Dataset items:
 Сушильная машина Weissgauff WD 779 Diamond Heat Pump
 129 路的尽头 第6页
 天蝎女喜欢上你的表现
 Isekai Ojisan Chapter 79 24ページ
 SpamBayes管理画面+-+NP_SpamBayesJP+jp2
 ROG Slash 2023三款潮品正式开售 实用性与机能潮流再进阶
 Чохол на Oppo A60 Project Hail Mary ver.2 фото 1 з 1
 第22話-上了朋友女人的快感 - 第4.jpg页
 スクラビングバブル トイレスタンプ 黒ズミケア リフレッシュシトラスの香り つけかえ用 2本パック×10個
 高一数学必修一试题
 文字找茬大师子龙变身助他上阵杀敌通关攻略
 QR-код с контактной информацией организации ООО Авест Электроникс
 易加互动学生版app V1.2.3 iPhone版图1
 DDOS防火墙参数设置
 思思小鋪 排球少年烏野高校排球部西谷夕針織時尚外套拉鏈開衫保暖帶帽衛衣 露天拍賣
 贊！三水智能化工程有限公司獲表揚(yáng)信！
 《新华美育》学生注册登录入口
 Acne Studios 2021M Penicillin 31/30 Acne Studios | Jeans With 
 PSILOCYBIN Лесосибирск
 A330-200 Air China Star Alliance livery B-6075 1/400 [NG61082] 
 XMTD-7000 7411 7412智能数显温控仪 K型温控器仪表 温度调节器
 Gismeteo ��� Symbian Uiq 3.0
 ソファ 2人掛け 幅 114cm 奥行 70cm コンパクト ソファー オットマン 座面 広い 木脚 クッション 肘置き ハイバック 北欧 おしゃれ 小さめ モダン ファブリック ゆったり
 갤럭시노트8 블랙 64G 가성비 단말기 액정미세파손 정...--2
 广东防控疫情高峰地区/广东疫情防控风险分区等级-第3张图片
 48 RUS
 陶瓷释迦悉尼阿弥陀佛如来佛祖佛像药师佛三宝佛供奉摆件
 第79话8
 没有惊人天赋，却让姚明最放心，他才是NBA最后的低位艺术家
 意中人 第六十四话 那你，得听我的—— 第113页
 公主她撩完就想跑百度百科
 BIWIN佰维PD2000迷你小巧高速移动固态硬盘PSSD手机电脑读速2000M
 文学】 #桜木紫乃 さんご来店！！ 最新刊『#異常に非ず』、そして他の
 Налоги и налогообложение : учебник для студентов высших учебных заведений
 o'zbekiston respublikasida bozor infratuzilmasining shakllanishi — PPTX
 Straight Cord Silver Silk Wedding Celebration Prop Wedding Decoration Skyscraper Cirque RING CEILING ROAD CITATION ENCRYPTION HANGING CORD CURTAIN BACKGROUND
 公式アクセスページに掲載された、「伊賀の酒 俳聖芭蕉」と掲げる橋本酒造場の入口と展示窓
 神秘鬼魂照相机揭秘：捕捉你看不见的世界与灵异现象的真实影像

EXERCISE BRIEF: Using the records above, please retype only the run of lines from the line holding "ソファ 2人掛け 幅 114cm" through the last line, both ends included.

EXPECTED OUTPUT:
 ソファ 2人掛け 幅 114cm 奥行 70cm コンパクト ソファー オットマン 座面 広い 木脚 クッション 肘置き ハイバック 北欧 おしゃれ 小さめ モダン ファブリック ゆったり
 갤럭시노트8 블랙 64G 가성비 단말기 액정미세파손 정...--2
 广东防控疫情高峰地区/广东疫情防控风险分区等级-第3张图片
 48 RUS
 陶瓷释迦悉尼阿弥陀佛如来佛祖佛像药师佛三宝佛供奉摆件
 第79话8
 没有惊人天赋，却让姚明最放心，他才是NBA最后的低位艺术家
 意中人 第六十四话 那你，得听我的—— 第113页
 公主她撩完就想跑百度百科
 BIWIN佰维PD2000迷你小巧高速移动固态硬盘PSSD手机电脑读速2000M
 文学】 #桜木紫乃 さんご来店！！ 最新刊『#異常に非ず』、そして他の
 Налоги и налогообложение : учебник для студентов высших учебных заведений
 o'zbekiston respublikasida bozor infratuzilmasining shakllanishi — PPTX
 Straight Cord Silver Silk Wedding Celebration Prop Wedding Decoration Skyscraper Cirque RING CEILING ROAD CITATION ENCRYPTION HANGING CORD CURTAIN BACKGROUND
 公式アクセスページに掲載された、「伊賀の酒 俳聖芭蕉」と掲げる橋本酒造場の入口と展示窓
 神秘鬼魂照相机揭秘：捕捉你看不见的世界与灵异现象的真实影像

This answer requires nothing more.